The telephone company further contends and claims that if it were guilty of negligence, such negligence was the remote and not the proximate cause of the collision and resulting harm and further that this court should so find as a matter of law.

The telephone pole played a part in wrecking the automobile and causing the death of the occupants. It is purely speculative to say that if the automobile had missed the pole, it would have run on and hit the gasoline pumps or the filling station with the same fatal result. The driver, perhaps, may have made the turn on the cinders and regained the main highway. In our judgment the question of proximate cause was one for the jury and not for the court.
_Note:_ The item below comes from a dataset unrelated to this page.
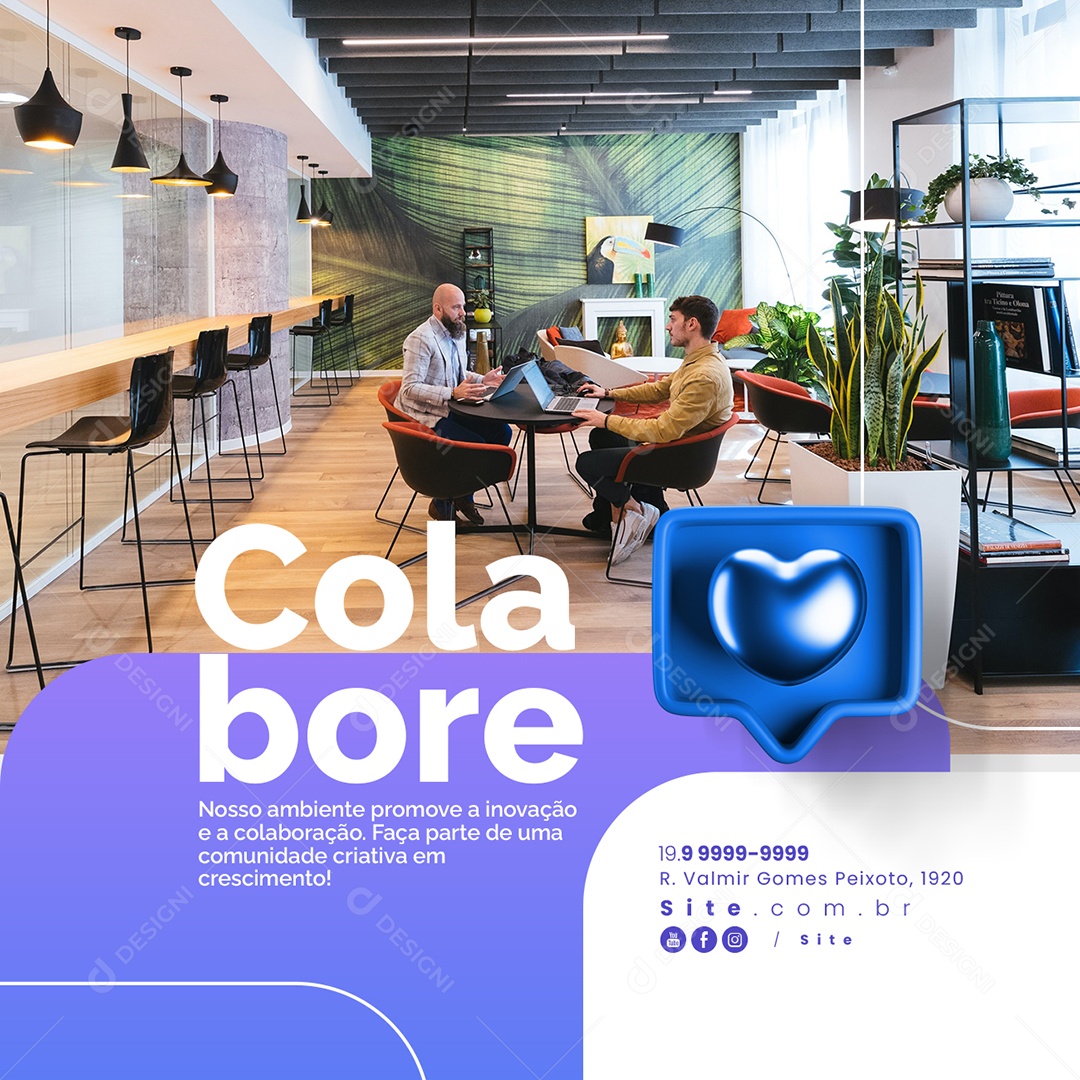 Coworking Colabore Nosso Ambiente Promove a Inovação e a Colaboração Social Media PSD Editável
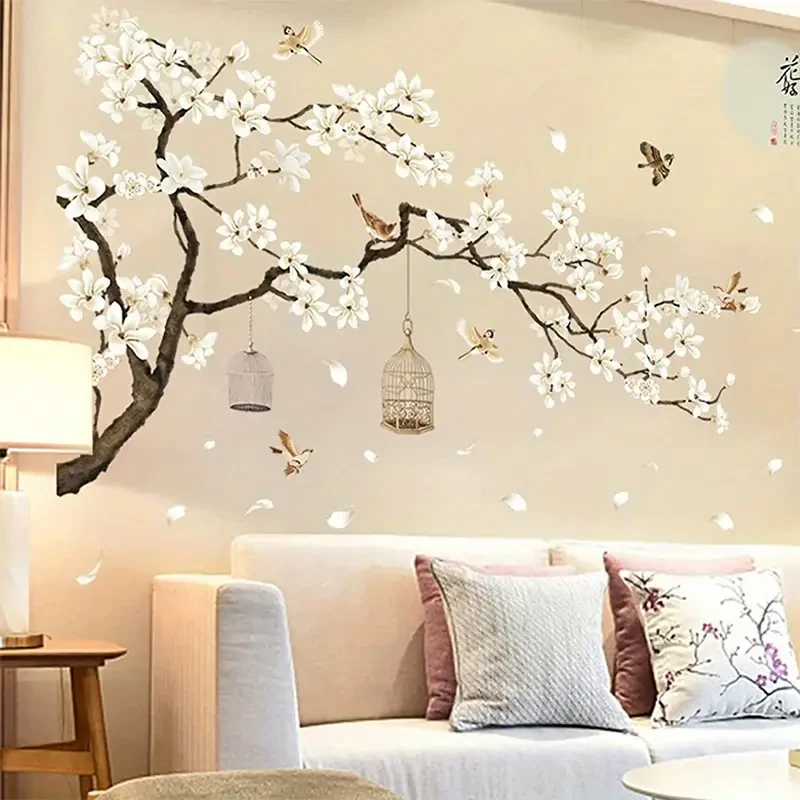 Chinese-Style Wall Stickers  Flying Birds & White Flowers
However, the telephone company relies upon Lake Shore Michigan Southern Ry. Co. v. Liidtke, an Infant, 69 Ohio St. 384, 69 N.E. 653. In that case it appears that an action was brought by an infant, six years of age, through its next friend, against the railway company to recover damages for negligence in leaving a hole in the wire fence enclosing a railroad right of way, through which hole the boy passed and suffered injury from a moving train. The court held that the opening in the fence was not the proximate cause of the injury. That case does not afford an exact parallel to the instant case.
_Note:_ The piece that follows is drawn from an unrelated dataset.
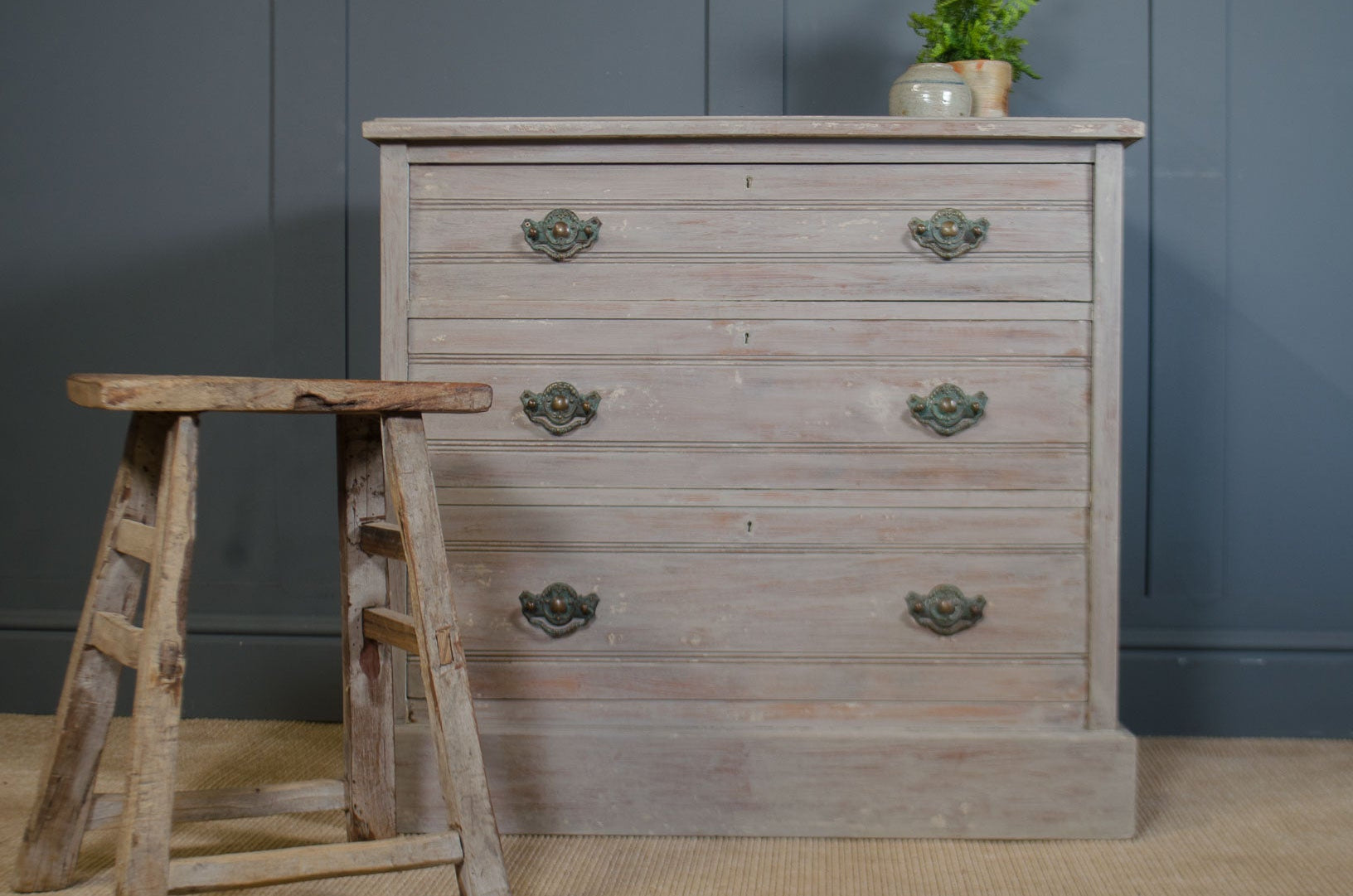 Lime washed drawers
If Kreiger, the driver of the car, was guilty of negligence in running into the pole and the telephone company was guilty of negligence in maintaining the pole where it was, that is, if the negligence of both together was the proximate cause of the death of plaintiff's decedent, actionable negligence on the part of the telephone company would exist; and, again, if the negligence of the telephone company was a proximate cause of the death of plaintiff's decedent, the fact that some other cause for which neither party to the action was to blame, proximately contributed to the harm would not avail to relieve the telephone company from liability. Hocking Valley Ry. Co. v. Helber, Admr., 91 Ohio St. 231, 110 N.E. 481. Nor, for reasons hereinafter given, can it be said as a matter of law that the act of the driver was an intervening independent cause. The collision between the automobile and the pole produced the compact that resulted in the deaths; and the question whether the negligence of the telephone company, if any, in placing and maintaining the pole where it was, was a proximate cause of the fatalities, was one of fact for the jury.
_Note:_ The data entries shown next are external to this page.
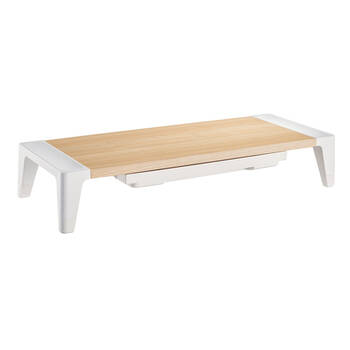 Activiva Monitor Stand Riser with Storage Drawer - White Oak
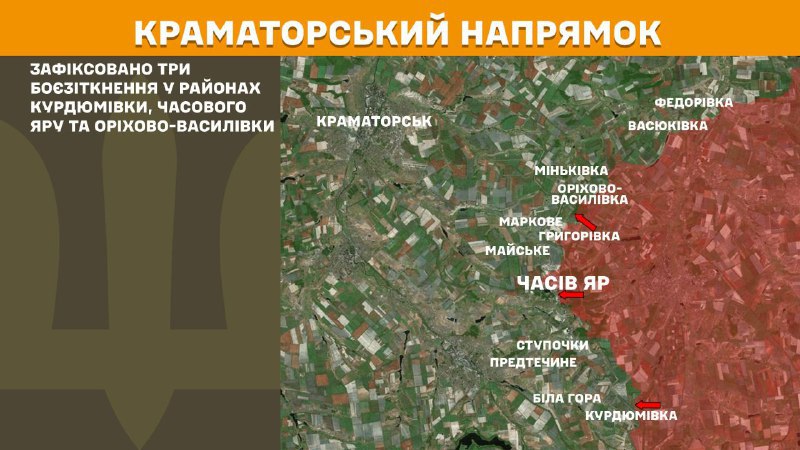 At Kramatorsk axis clashes yesterday near Kurdumivka, Chasiv Yar and Orikhovo-Vasylivka, - General Staff of Armed Forces of Ukraine reports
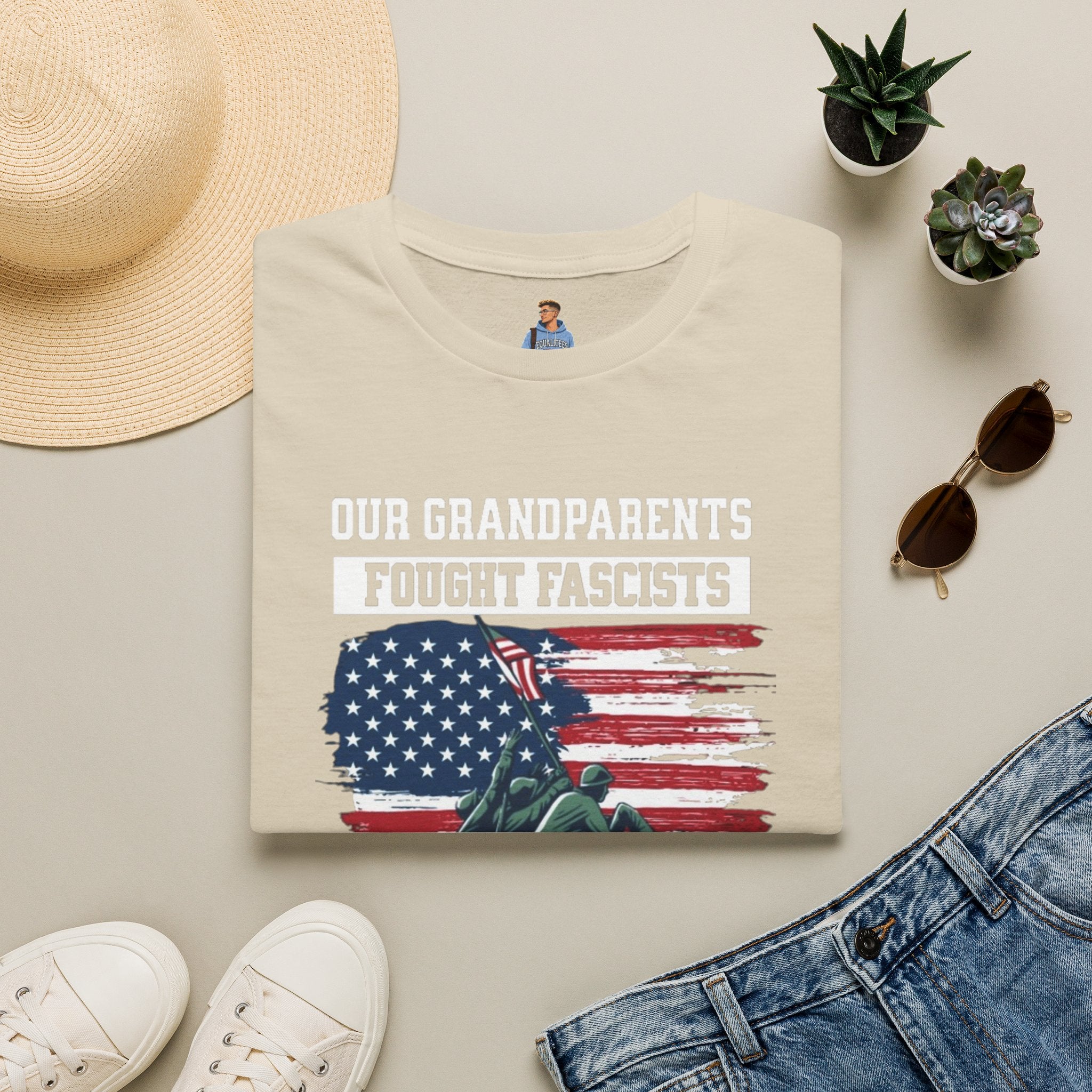 Unisex Softstyle T-Shirt: 'Our Grandparents Fought Fascists' Patriotic Tee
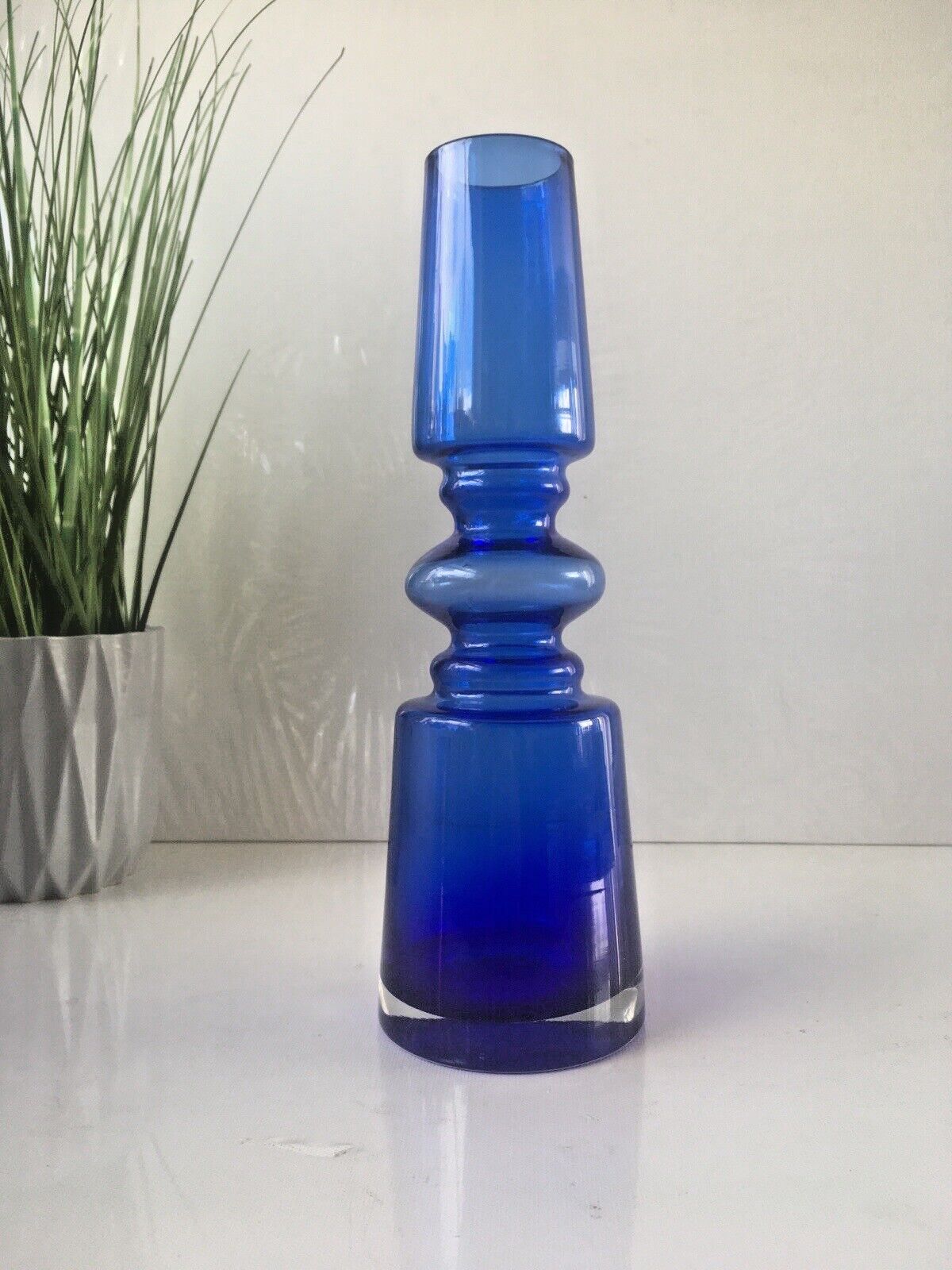 Large Cased Scandinavian 60's 70's Style Hooped Glass Vase Japanese Riihimaki photo buy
For the reasons given there was no prejudicial error committed in overruling defendant's motion for a directed verdict.

The remaining contention of plaintiff in error is that the court erred in giving to the jury plaintiff's requested charge which was as follows:

"If you find by a preponderance of the evidence in this case that plaintiff's decedent was a passenger in said car and that the defendant, The Ohio Bell Telephone Company, and the driver of the automobile in which plaintiff's decedent was riding were both negligent, then such acts of negligence would be concurrent, and if they proximately contributed to — that is, were the direct and proximate cause of decedent's death complained of, then your verdict may be against the defendant, The Ohio Bell Telephone Company alone, that is to the amount, of course, you find for plaintiff if the decedent was in the exercise of ordinary care."

It is claimed that this statement of the law is improper for the reason that concurring negligence cannot evolve proximate out of remote cause. The argument advanced in support of this proposition is that the pole was merely a passive, inactive condition which was rendered injurious by the intervening independent act of the driver of the automobile. It is true that the pole was static, but for the defendant company to carelessly and negligently maintain it in a position where it would incommode the public in its use of the public highway would constitute negligence by a continuing act of malfeasance. In our judgment the act of the driver was not as a matter of law an independent intervening cause, as such act of the driver and the negligence of the telephone company, if any, were existent and concurrent at the time of the collision. The charge was therefore proper.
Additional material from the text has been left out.